The Scots Musical Museum – Opened to Auld Lang Syne. Each copy was annotated by Burns himself.

As well as being one of the most valuable (and unique) items in the RBBM’s collection, our copy of The Scots Musical Museum featuring Burns’ annotations is also one of the most fascinating. The book itself belonged to Burns and subject of the annotation is the famous song ‘Auld Lang Syne’, which Burns rewrote from an old folk song he had collected whilst travelling Scotland. Alongside poetry, the songs and music of his homeland were the other great loves of his life – and he spent a large portion of his last years compiling and re-writing folksongs and melodies.

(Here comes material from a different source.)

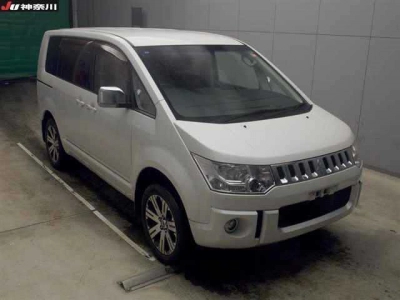 MITSUBISHI DELICA D:5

The Scots Musical Museum was a major publication; at 6 volumes with 100 songs each it was a hugely positive force in bringing Scottish folk songs and music to the classical repertoire. Other songs and tunes in the collection were contributions and arrangements from composers such as Ludwig van Beethoven and Joseph Hayden (yes, that Beethoven and that Hayden). It is interesting to note that Burn’s songs were found to be more popular than the works of other composers in the Musical Museum, (such as Beethoven specifically) as his work was found to be easier and more accessible for the audience to sing and perform. This was not just a collection of old songs however, as Burns would write new words to the tunes, or entirely different songs to the ancient melodies. Auld Lang Syne, Scots Wha Hae and Green Grow the Rashes, O are known to have much older roots.

In 1786, Robert Burns met James Johnson in Edinburgh and discovered the music engraver shared his passion for old Scots songs and his desire to preserve them. Whilst Burns only contributed 3 songs to the first volume published in 1787, he would eventually contribute about 1/3 of the whole collection as well as have involvement in editing. The final volume was published in 1803.

The most fascinating aspect of the book is the blank page full of Burns’ annotations. This was actually a feature of The Scots Musical Museum, as Burns requested that every other page be left blank in order for him to add notes and changes. This in itself, without even reading the alterations or commentary tells us a great deal about the Bard; that he was conscious of the potential of the song or tune to still be improved, a desire to discuss the theory and purpose behind the lyrics and those he had decided against, and even shines a light into his own passion concerning the music and folk traditions of his country.